Family members, even children, swindling elderly relatives occurs too often in Utah, according to Deputy Davis County Attorney Rick Westmoreland.
He recently charged an adult who embezzled $100,000 from an elderly parent with second-degree felony exploitation of an adult.
"The real problem is many times you have parents who don't want to press criminal charges," Westmoreland said. "Then it is one of the siblings who gets involved and becomes 'the bad guy.' "
Utah seniors are being exploited out of $7.7 million a year, according to a study conducted by Jilene Gunther of the Utah Division of Aging and Adult Services. That number could actually be as high as $339 million a year or $1 million a day because of unreported cases.
The average senior who becomes a victim loses more than $85,000 before it is reported to authorities, said Gunther, who is an attorney and social worker with the division.
She has put together a booklet titled "Navigating Your Rights: The Utah Legal Guide for Those 55 and Over."
She received funding from the Ballard Spahr law firm and Bank of American Fork, so no tax money was used.
The booklet has three chapters devoted to financial exploitation, Gunther said.
"The majority of perpetrators are the family members," Gunther said. "You can say blood is thicker than water, but for some, money is thicker than blood. No one expects their child to exploit them."
Kim Cannon, the long-term care ombudsman with Davis County Health Department Senior Services, said she gets several phone calls a month from concerned family members or friends who suspect an elderly person is being financially exploited. She can only investigate cases if the senior citizen says OK.
If they don't want her to investigate, then Cannon advises the person who complained to call the state's Adult Protective Services, because that department is under a different set of rules, Cannon said.
But what worries Cannon more is the scams seniors get snagged into because of technology or phone calls or door-to-door salesmen.
The book helps seniors see through the scams, she said.
Former Gov. Olene Walker, who is 80 and lives in St. George, wrote the foreword for the book.

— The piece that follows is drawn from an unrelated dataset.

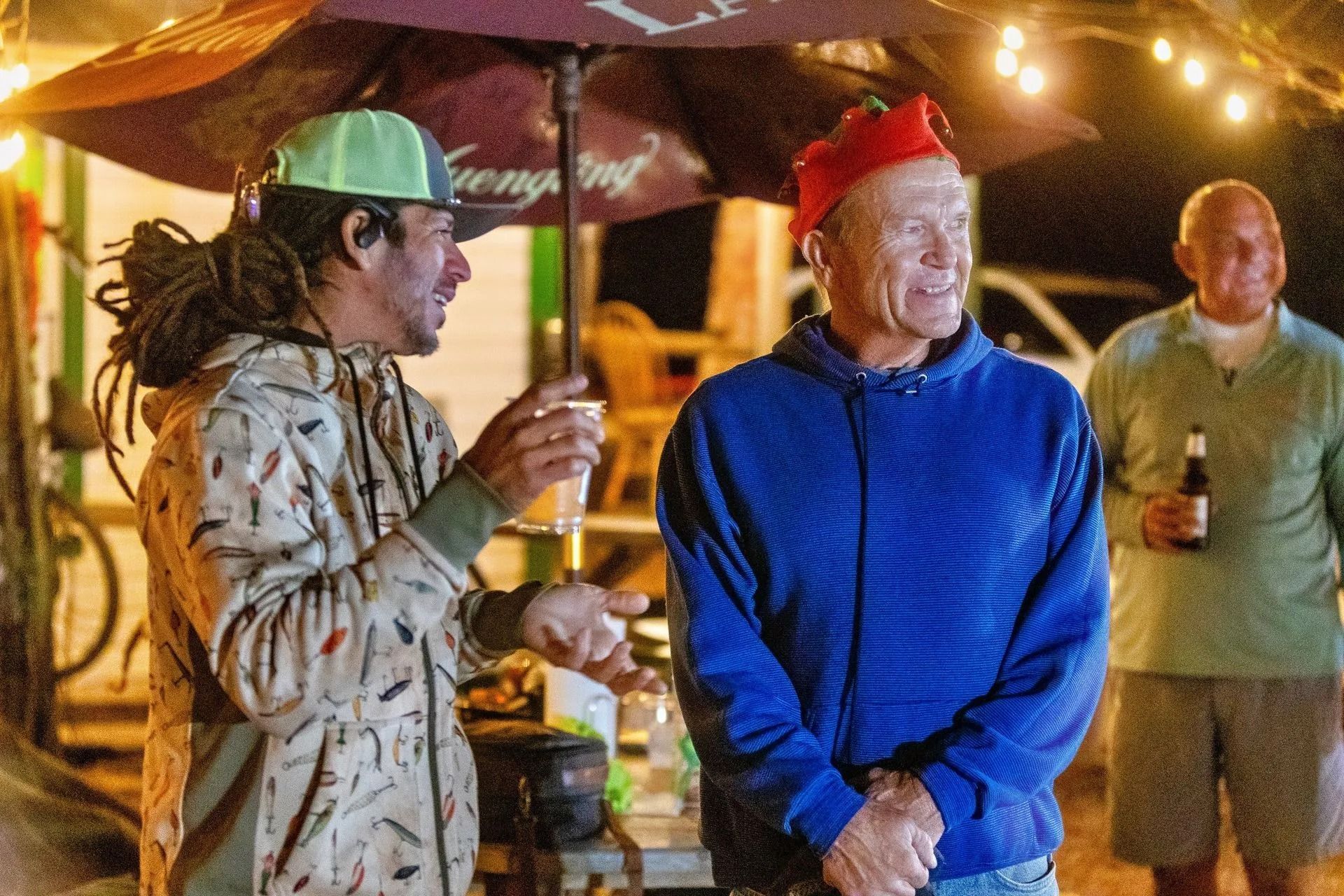 Two men are standing under an umbrella talking to each other.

"It's hard to believe that a child would exploit their parent," Walker said. "When the parents have money or property, sometimes one of their kids or another relative will talk them into investing into a scheme or actually find ways to control their estate."
Walker said she wrote the foreword after reading the book because she believes it is "a good guide to help (seniors) walk through issues."
"It is also very helpful in the health care issues," Walker said. "It tells (seniors) what the state can do and gives general instructions and directions on what (seniors) need to consider as they get older."
Sally Kershisnik, director of senior services and family health with Davis County Health Department, said everyone, even those younger than 55, should get the book because the information can be applied to most adults.
"We all have to think about our retirement and the future," Kershisnik said.
Kershisnik said no one is too young to begin planning for end-of-life care decisions or power of attorney.